The City of Cape Town has announced that it will launch a new Mobile Alcohol Evidentiary Breath Alcohol Testing (EBAT) vehicle.
The new EBAT vehicle will be the second unit of its type deployed in South Africa, joining a unit currently deployed by Provincial Traffic Services in the Caledon district last year, the city said.
EBAT vehicles are specially converted panel vans equipped to enable officers to take evidentiary breath samples from motorists anywhere, any time.
Positive samples can be used in court to convict motorists driving under the influence, removing the need for a blood test. The vehicles are deployed in support of roadblocks and Random Breath Testing (RBT) operations.
The EBAT system differs from blood tests in that the results are immediate.
“Motorists whose alcohol level is below the legal limit can be released immediately after receiving the results while with blood tests the motorist can be detained overnight or until the end of the weekend and can spend months facing legal uncertainty,” the city said.
In comparison, cases of motorists who fail the EBAT test can be dealt with quickly using the results of this test, the city said.
“The vehicles are a force multiplier in the struggle to remove drunk drivers from the Province’s roads,” said Jacqui Gooch, head of the Department of Transport and Public Works in the Western Cape.
“They severely curtail the amount of wriggle room motorists who drink and drive have to try and avoid the consequences of their actions,” she said.
Evidentiary breath alcohol testing (EBAT) uses a machine which can read how much alcohol is in a person’s breath.
When tested, two breath samples are taken. If the lower of the two test results is not less than 0,24mg of alcohol per 1,000ml of breath, the driver will be charged.
It is called ‘evidentiary’ as the reading can be produced as evidence to prosecute individuals accused of drinking and driving. This machine, the people who operate it, and the location it operates in, must all pass a very specific and demanding set of tests in order to be used to prosecute suspects.

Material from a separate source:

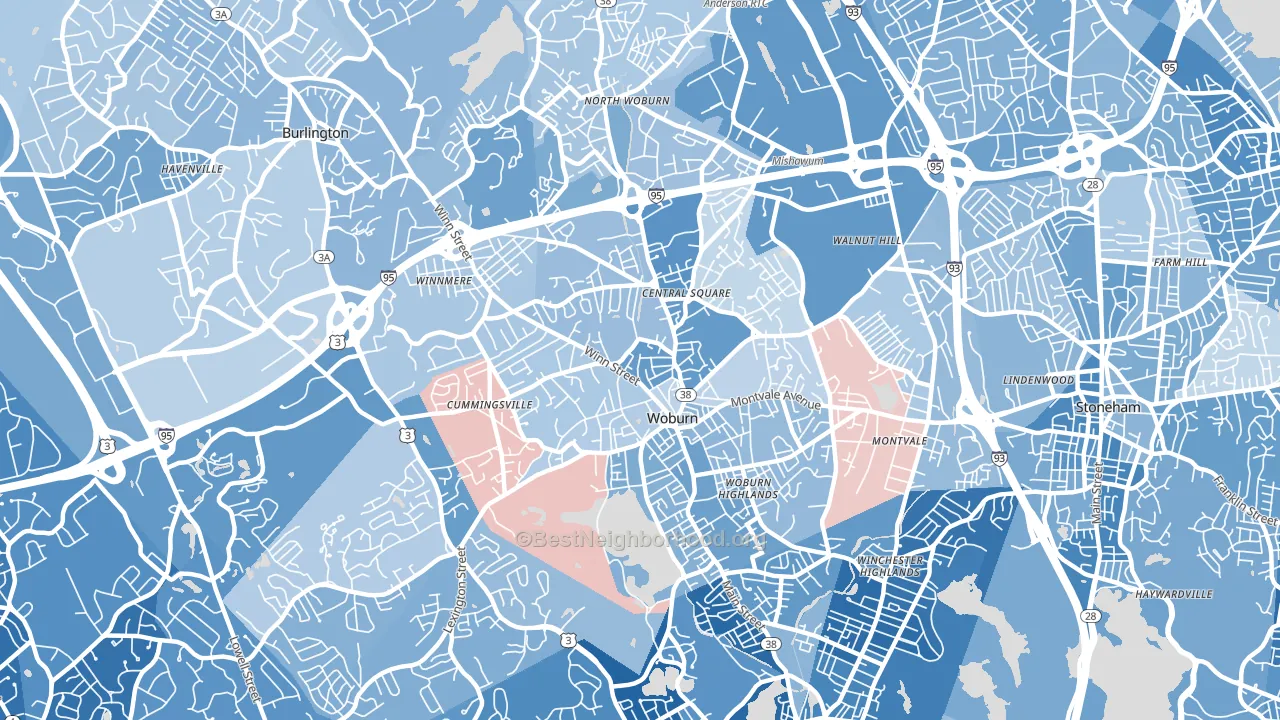 01801, MA block-group political-lean map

“The use of evidentiary breath alcohol testing was halted for a while by the National Prosecuting Authority following a challenge on the constitutionality of evidentiary breath alcohol testing,” said Advocate Kyle Reinecke, deputy director-general for transport management in the Western Cape.
“A court case (The State vs Hendrickse) ensued and the plaintiff found not guilty for drunk driving. Shortcomings with the equipment training of staff and testing procedures identified during this case have subsequently been addressed and we are confident that the results obtained through the EBAT equipment can successfully be used in a court of law,” he said.